How do i make my hidden input work so that the correct selected drop down values of companies for each estudent to reflect correctly on the database?

$result = mysqli_query($con,"SELECT student_id, admin_no, name, GPA, gender FROM student_details WHERE jobscope1= 'Information Technology' ORDER BY `GPA` DESC; ");
$result2 = mysqli_query($con,"SELECT job_title FROM job_details WHERE jobscope='Information Technology' ORDER BY `job_title` ASC;");

            /*options sections start*/
            $options= '';
            while ($row2 = mysqli_fetch_assoc($result2))
            {
                $options .='<option value="'. $row2['job_title'] .'"> '. $row2['job_title'] .'</option>';
            }
            /*options sections end*/

            //return the array and loop through each row
            while($row = mysqli_fetch_assoc($result))
            {


            $adminno = $row['admin_no'];
            $name = $row['name'];
            $gpa = $row['GPA'];
            $gender = $row['gender'];

                  echo "<tr>";
                  echo '<input type=hidden name=admin_no value='. $adminno . '/>';
                  echo "<td>" . $adminno . "</td>";
                  echo "<td>" . $name . "</td>";
                  echo "<td>" . $gpa . "</td>";
                  echo "<td>" . $gender . "</td>"; 
                  echo "<td><select name='ddl'  { myform.submit('') }'>".$options."</select></td>";
              }
                  echo "</tr>";

The php form action :

$query = mysqli_query($con, "SELECT * FROM student_details WHERE jobscope1 = 'Information Technology';");
while ($row = mysqli_fetch_assoc($query)) 

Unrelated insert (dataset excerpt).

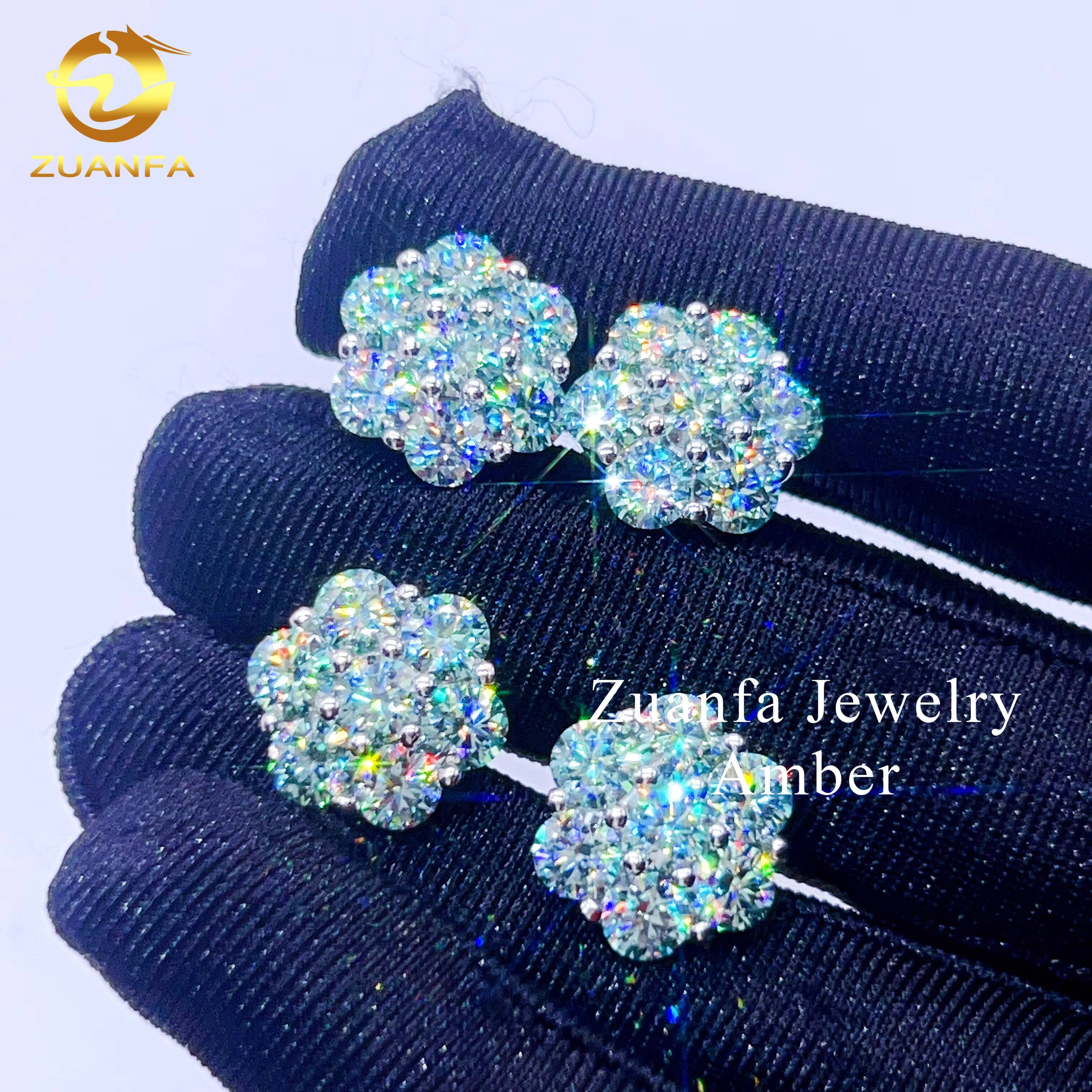 Pass Diamond Tester Gra Certicaite Flower Design Blue Green Lab Diamond Hip Hop Moissanite Stud Earring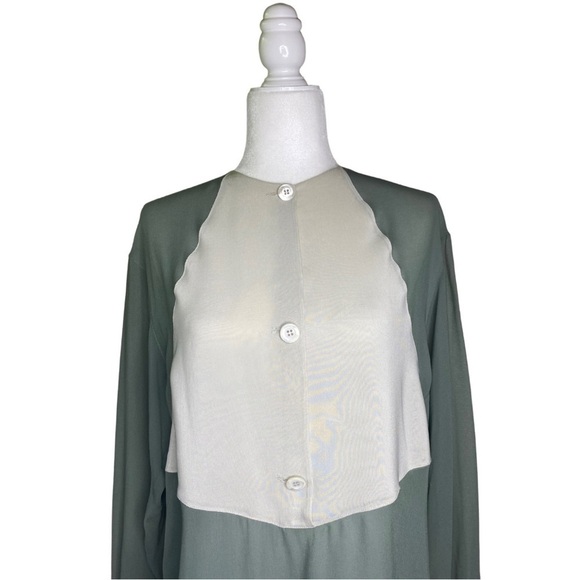 Giorgio Armani Vintage Sheer Two Toned Long Sleeve Tunic Sz 44/10 - Picture 3 of 13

  $complist = $_POST['ddl'];

$result4 = mysqli_query($con, "UPDATE `student_details` SET `company`= '" . $complist . "' WHERE `jobscope1` = 'Information Technology';");

Answer 1

Try this:

//return the array and loop through each row
while($row = mysqli_fetch_assoc($result))
{

    $adminno = $row['admin_no'];
    $name = $row['name'];
    $gpa = $row['GPA'];
    $gender = $row['gender'];

    echo "<tr>";
    //changed here (this is called an input array which makes it hold multiple 
    //values with same name)
    echo "<input type='hidden' name='admin_no[]' value='". $adminno ."'/>"; //edited
    echo "<td>" . $adminno . "</td>";
    echo "<td>" . $name . "</td>";
    echo "<td>" . $gpa . "</td>";
    echo "<td>" . $gender . "</td>"; 
    //changed here too
    echo "<td><select name='ddl[]' >".$options."</select></td>"; //edited
}

In your PHP:

if(isset($_POST['ddl'])){
   foreach( $_POST['ddl'] as $index => $val ) //edited extra { here
   {
     $result4 = mysqli_query($con, "UPDATE `student_details` 
                                    SET `company`= '" . $val . "' 
                                    WHERE `jobscope1` = 'Information Technology' 
                                    AND `admin_no` = '".$_POST['admin_no'][$index]."';");
   }
}

In this all your values will be updated (whether you changed any dropdown or not). If you want to limit only the changed dropdowns to be updated then you can have a hidden input variable which changes its value on change of dropdown and update your query only if the hidden input matches.